President Johnson was being featured in the first class only around the world service "as you please" with 1930 fares as low as $1,110 or $1,370 with private bath and tickets good for two years for visiting twenty-two ports in fourteen countries. Departures from the United States by a President liner every two weeks from the Puget Sound ports for Japan and around the world while another President liner departed New York every two weeks for Cuba and California by the Panama Canal and then from Seattle and Vancouver, Canada for the voyage to Japan and around the world. In 1933 the ship was chartered for the 7th Annual Floating University around the world voyage of 137 days visiting 37 countries and islands, 45 ports and 140 cities and places with credit granted by special arrangement throu universities. The ship, to depart 4 February from New York, is described as a "floating campus" with class rooms, library, athletic facilities with student fares as low as $1,325 including tuition and shore trips.

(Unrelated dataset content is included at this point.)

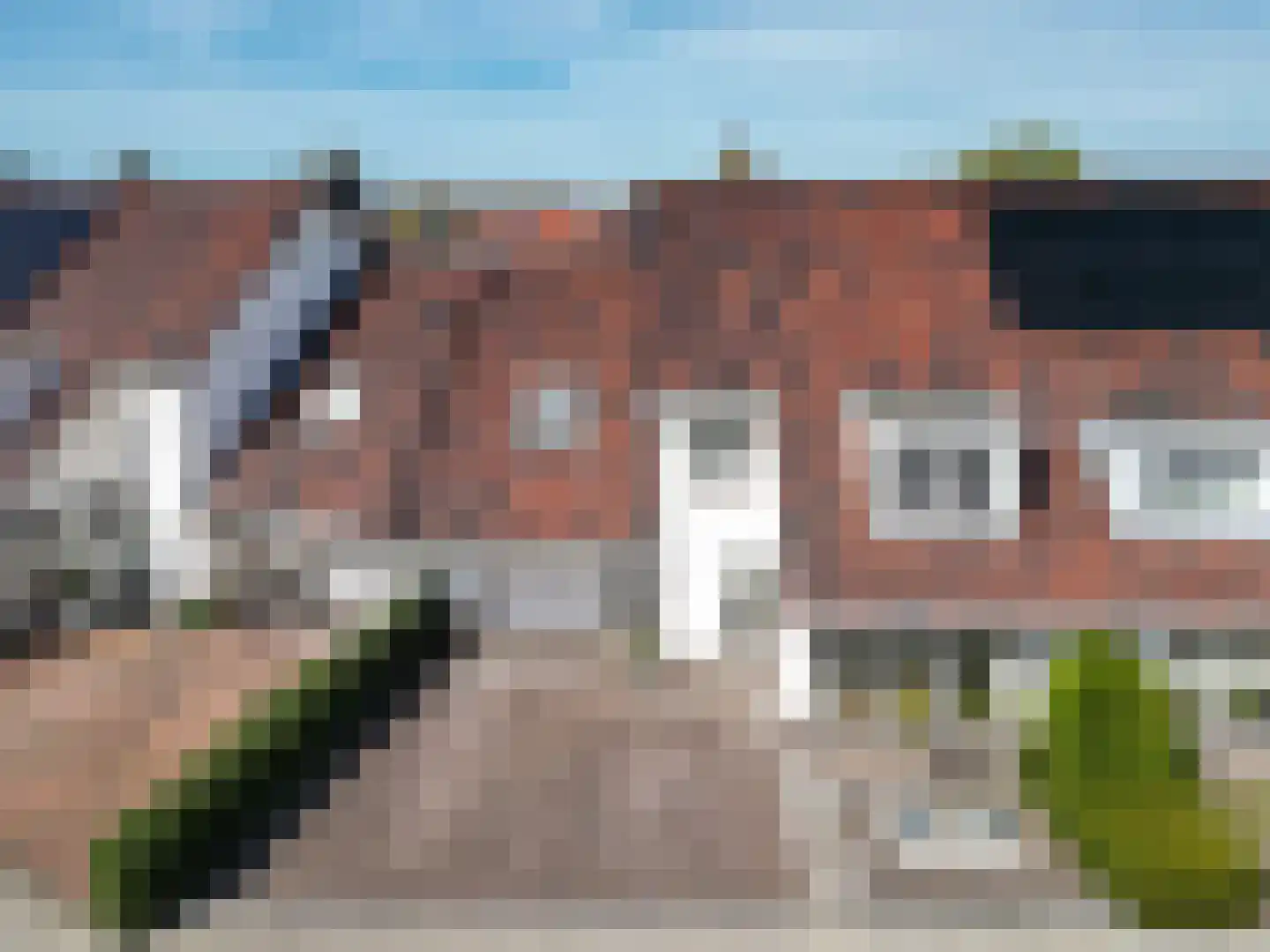 Christinalaan 14 Rijnsburg thumbnail 43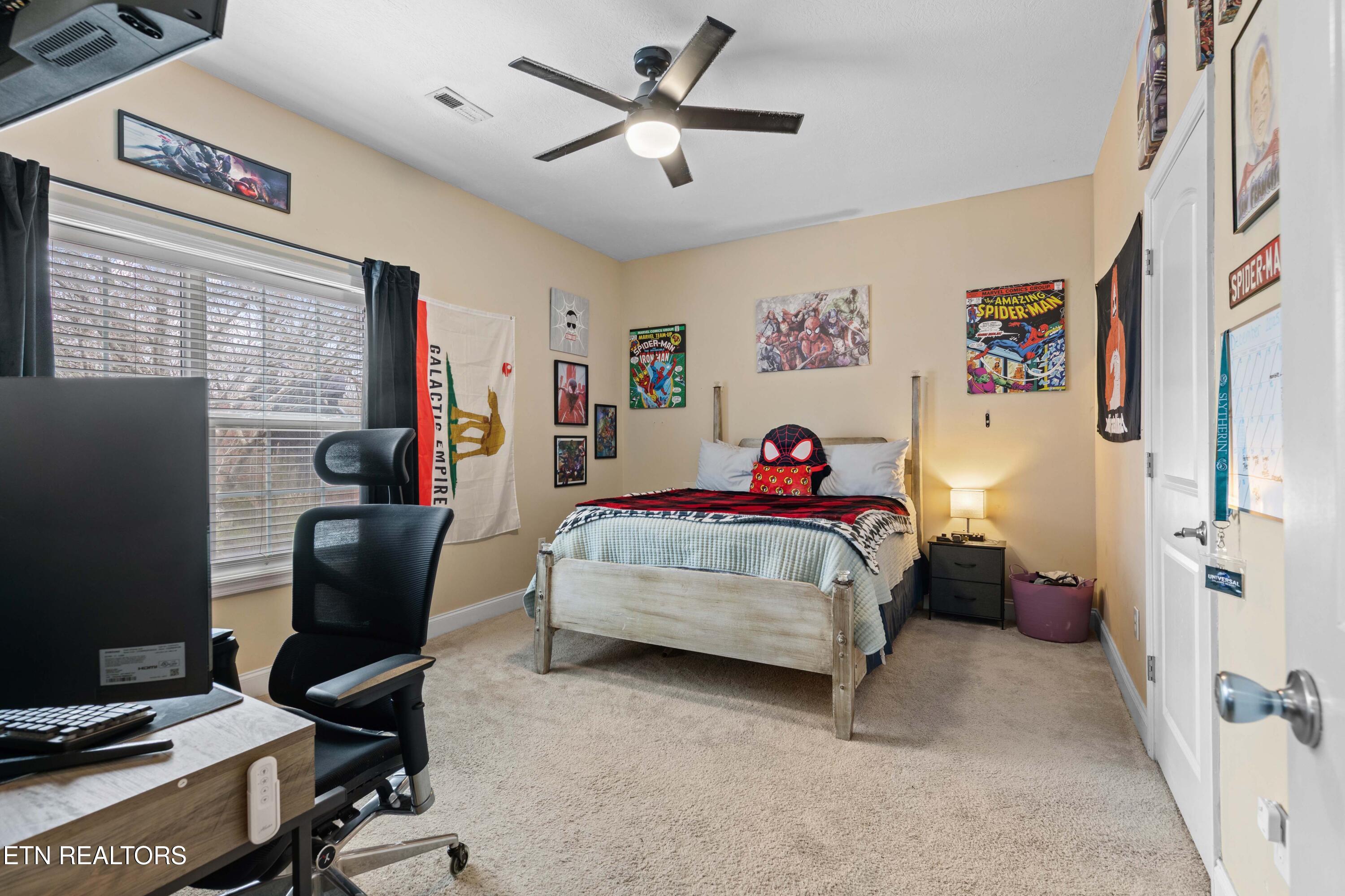 268 Windstone Boulevard Powell TN 37849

The Dollar Steamship Company, along with other Dollar companies and the ships were acquired by the United States Maritime Commission in an Adjustment Agreement on 15 August 1938 in which stock in the line was transferred to release $7,500,000 of the line's debt. The commission invested $4,500,000 in the new American President Lines with, over the years, $20,000,000 in grants to the line.

==World War II==
On 29 November 1941 the War Shipping Administration (WSA) took control of President Johnson from American President Lines and allocated the ship for Army use, though the ship was operated by American President Lines as the WSA agent.

President Johnson, along with the Army chartered and the Army transport , departed from San Francisco for the Philippines on 5 December with 2,500 troops, the 2d Battalion of the 138th Field Artillery Regiment and three squadrons of the 35th Pursuit Group aboard. Upon the attack on Pearl Harbor the ships, including the WSA transport which had departed 6 December, turned back and unloaded the some 15,000 troops and supplies aboard the ships 8–9 December. On 31 January 1942 the ship left San Francisco transporting the garrison for Christmas Island, code named BIRCH, that was a critical link in the South Pacific lines of communication to Australia. The garrison, designated Task Force 4591, transported was composed of an infantry battalion, two battalions of coast artillery, the 12th Pursuit Squadron and the 150-bed 1st Station Hospital composed of 14 officers and 100 enlisted men for a total of about 2,000 troops that arrived at the island 10 February.

President Johnson continued transporting troops for the next two years in support of the amphibious operations which had penetrated by July 1945 to the Japanese home islands. With stops at Eniwetok and Guam, Marshalls; Ulithi, Carolines; Peleliu, Palaus; and Espiritu Santo, New Hebrides, long behind her, President Johnson returned to San Francisco 14 January 1946 to end her World War II service as a troop transport.

==Later career==
President Johnson was redelivered to control of American President Lines on 2 March 1946. The Maritime Commission approved the sale of the ship to Transmar Ltd. of Lisbon and change to Panamanian registry. On 10 January 1947 President Johnson was sold to Tagus Navigational Co. of Panama City, Panama and renamed Santa Cruz. The ship was intended for general trade between Portugal and South American ports in Brazil and Argentina with particular attention to emigrants from Portugal to those countries. General Engineering & Dry Dock Company was contracted to remove all armament and military equipment, convert the troop berthing spaces into spaces for 1,200 steerage passengers, convert the troop ship officer's quarters into space for 134 cabin class passengers and restoration of the public spaces (Social Hall, Tea Room Verandah, Smoking Room and dining) of the ship to civilian levels. Machinery was examined, overhauled and replaced where necessary and the ship's plumbing and electrical systems modified for the rearranged spaces. The work, costing well over $1,000,000 was completed in thirty-eight days. She was chartered to Societa Saicen of Savona, Italy, in 1948 to transport Italian war refugees to South America. The transport was scrapped at Savona on 12 January 1952.